For platform teams, that means less time spent planning node pools up front and less time managing node sprawl later. It also means a clearer path to keeping clusters efficient and aligned with desired configuration over time.

For application teams, it means they can keep using normal Kubernetes requests, selectors, taints, and affinities without waiting on the platform team to create a new pool every time a workload changes.

How it works

The Karpenter Provider for OCI uses two main concepts: NodePool and OciNodeClass.

A Karpenter NodePool defines the flexible policy. This is where an administrator specifies what kinds of compute are allowed, such as instance families, architectures, availability domains, and purchase options like on-demand or preemptible.

An OciNodeClass defines the OCI-specific configuration. This is where developers set details like compartment, subnet, network settings, security groups, and image configuration.

That separation is important as the NodePool defines the “what” and the OciNodeClass defines the “how.” Once those are in place, Karpenter watches for unscheduled pods and provisions nodes automatically. Developers do not need to know anything about the underlying node setup. They just deploy their workloads using standard Kubernetes specs, and Karpenter handles the provisioning behind the scenes.

Built for OCI

The Karpenter Provider for OCI is designed to work with OCI-specific infrastructure and OKE-specific workflows.

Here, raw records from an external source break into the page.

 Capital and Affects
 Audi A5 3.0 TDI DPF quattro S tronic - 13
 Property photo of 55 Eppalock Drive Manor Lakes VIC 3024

At a high level, this release supports a range of OCI-native capabilities including:

  • Integration with OKE
  • Support for OCI flexible compute shapes
  • Support for preemptible capacity
  • Support for OKE images
  • OCI IAM integration through workload-aware access patterns
  • Networking support for OCI environments, including OCI VCN CNI and secondary VNIC configurations
  • Support for capacity reservations
  • Support for cluster placement groups
  • Support for compute clusters
  • Customization options for node behavior, including bootstrap and kubelet-level configuration

Easier adoption

Karpenter Provider for OCI can coexist with existing Cluster Autoscaler managed capacity during migration, but customers should avoid letting both autoscalers respond to the same unscheduled pods. The safest migration pattern is to separate ownership clearly: keep a small baseline of existing managed node pool capacity for critical system workloads, and introduce Karpenter first for a defined set of workloads using labels, taints, and node affinity. Once those workloads are running as expected on Karpenter provisioned nodes, customers can scale down or disable Cluster Autoscaler for the migrated capacity. This reduces the chance of both autoscalers racing to provision nodes for the same demand signal.

Customer perspective

We gave early access of Karpenter provider for OCI to one of our customers, GoTo. Here’s what they had to say:

“Karpenter helps us simplify autoscaling on OCI by replacing a lot of manual node pool planning with a more dynamic provisioning model (multi-shape, multi-AD). For our use case, that means better and faster fallback behavior, clearer ownership boundaries between platform and workloads, and a more scalable path for onboarding new capacity.”

Getting started

Getting started with the Karpenter Provider for OCI begins with the official documentation, which walks through prerequisites, installation, configuration, and usage.

In general, the setup flow looks like this:

  1. Start with an existing or new OKE cluster.
  2. Review the prerequisites and installation guidance for Karpenter Provider for OCI.
  3. Configure the required IAM policies and access model so the provider can manage OCI resources appropriately.
  4. Install the Karpenter provider from Github repository.
  5. Define the Kubernetes and OCI configuration needed for provisioning, including resources such as NodePool and OCINodeClass.
  6. Begin launching workload-aware capacity on OCI based on the needs of your cluster.

Conclusion

The Karpenter Provider for OCI gives OKE customers a more flexible way to scale by matching capacity to workload needs in real time while reducing node pool planning and management overhead.